*** Task data ***
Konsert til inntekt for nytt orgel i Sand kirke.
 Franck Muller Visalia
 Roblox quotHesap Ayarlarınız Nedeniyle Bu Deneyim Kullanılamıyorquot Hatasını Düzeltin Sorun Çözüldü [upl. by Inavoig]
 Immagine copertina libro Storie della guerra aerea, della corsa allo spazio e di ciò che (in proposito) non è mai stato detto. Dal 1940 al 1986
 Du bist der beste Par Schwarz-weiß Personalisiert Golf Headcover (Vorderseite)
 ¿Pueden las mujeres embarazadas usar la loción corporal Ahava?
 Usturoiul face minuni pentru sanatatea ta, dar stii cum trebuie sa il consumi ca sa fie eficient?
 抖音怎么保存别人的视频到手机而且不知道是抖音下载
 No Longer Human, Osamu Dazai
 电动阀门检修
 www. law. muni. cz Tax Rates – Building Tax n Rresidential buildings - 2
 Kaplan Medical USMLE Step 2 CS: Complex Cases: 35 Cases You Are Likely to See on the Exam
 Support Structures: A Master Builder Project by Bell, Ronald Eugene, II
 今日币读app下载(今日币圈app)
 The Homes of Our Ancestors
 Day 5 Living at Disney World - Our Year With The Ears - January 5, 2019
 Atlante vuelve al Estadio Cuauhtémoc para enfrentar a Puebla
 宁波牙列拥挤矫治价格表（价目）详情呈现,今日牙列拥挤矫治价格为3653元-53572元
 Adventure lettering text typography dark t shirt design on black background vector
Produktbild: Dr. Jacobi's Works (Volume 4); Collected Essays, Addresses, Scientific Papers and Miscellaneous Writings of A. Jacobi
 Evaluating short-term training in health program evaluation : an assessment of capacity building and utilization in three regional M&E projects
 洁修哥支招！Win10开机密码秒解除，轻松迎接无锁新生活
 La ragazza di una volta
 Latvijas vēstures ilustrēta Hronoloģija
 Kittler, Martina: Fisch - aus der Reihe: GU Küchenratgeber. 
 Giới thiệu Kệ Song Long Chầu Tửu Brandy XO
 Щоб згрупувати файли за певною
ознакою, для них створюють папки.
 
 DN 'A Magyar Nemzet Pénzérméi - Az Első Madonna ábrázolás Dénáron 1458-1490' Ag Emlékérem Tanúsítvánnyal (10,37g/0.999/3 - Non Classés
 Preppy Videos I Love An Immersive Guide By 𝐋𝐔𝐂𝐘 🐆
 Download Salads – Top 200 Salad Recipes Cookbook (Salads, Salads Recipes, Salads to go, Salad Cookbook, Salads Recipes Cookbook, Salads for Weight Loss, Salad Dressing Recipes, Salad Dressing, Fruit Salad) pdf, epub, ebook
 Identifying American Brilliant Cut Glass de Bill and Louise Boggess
***
Assigned task:
Extract each entry in full, exactly as given.

Written response:
Konsert til inntekt for nytt orgel i Sand kirke.
 Franck Muller Visalia
 Roblox quotHesap Ayarlarınız Nedeniyle Bu Deneyim Kullanılamıyorquot Hatasını Düzeltin Sorun Çözüldü [upl. by Inavoig]
 Immagine copertina libro Storie della guerra aerea, della corsa allo spazio e di ciò che (in proposito) non è mai stato detto. Dal 1940 al 1986
 Du bist der beste Par Schwarz-weiß Personalisiert Golf Headcover (Vorderseite)
 ¿Pueden las mujeres embarazadas usar la loción corporal Ahava?
 Usturoiul face minuni pentru sanatatea ta, dar stii cum trebuie sa il consumi ca sa fie eficient?
 抖音怎么保存别人的视频到手机而且不知道是抖音下载
 No Longer Human, Osamu Dazai
 电动阀门检修
 www. law. muni. cz Tax Rates – Building Tax n Rresidential buildings - 2
 Kaplan Medical USMLE Step 2 CS: Complex Cases: 35 Cases You Are Likely to See on the Exam
 Support Structures: A Master Builder Project by Bell, Ronald Eugene, II
 今日币读app下载(今日币圈app)
 The Homes of Our Ancestors
 Day 5 Living at Disney World - Our Year With The Ears - January 5, 2019
 Atlante vuelve al Estadio Cuauhtémoc para enfrentar a Puebla
 宁波牙列拥挤矫治价格表（价目）详情呈现,今日牙列拥挤矫治价格为3653元-53572元
 Adventure lettering text typography dark t shirt design on black background vector
Produktbild: Dr. Jacobi's Works (Volume 4); Collected Essays, Addresses, Scientific Papers and Miscellaneous Writings of A. Jacobi
 Evaluating short-term training in health program evaluation : an assessment of capacity building and utilization in three regional M&E projects
 洁修哥支招！Win10开机密码秒解除，轻松迎接无锁新生活
 La ragazza di una volta
 Latvijas vēstures ilustrēta Hronoloģija
 Kittler, Martina: Fisch - aus der Reihe: GU Küchenratgeber. 
 Giới thiệu Kệ Song Long Chầu Tửu Brandy XO
 Щоб згрупувати файли за певною
ознакою, для них створюють папки.
 
 DN 'A Magyar Nemzet Pénzérméi - Az Első Madonna ábrázolás Dénáron 1458-1490' Ag Emlékérem Tanúsítvánnyal (10,37g/0.999/3 - Non Classés
 Preppy Videos I Love An Immersive Guide By 𝐋𝐔𝐂𝐘 🐆
 Download Salads – Top 200 Salad Recipes Cookbook (Salads, Salads Recipes, Salads to go, Salad Cookbook, Salads Recipes Cookbook, Salads for Weight Loss, Salad Dressing Recipes, Salad Dressing, Fruit Salad) pdf, epub, ebook
 Identifying American Brilliant Cut Glass de Bill and Louise Boggess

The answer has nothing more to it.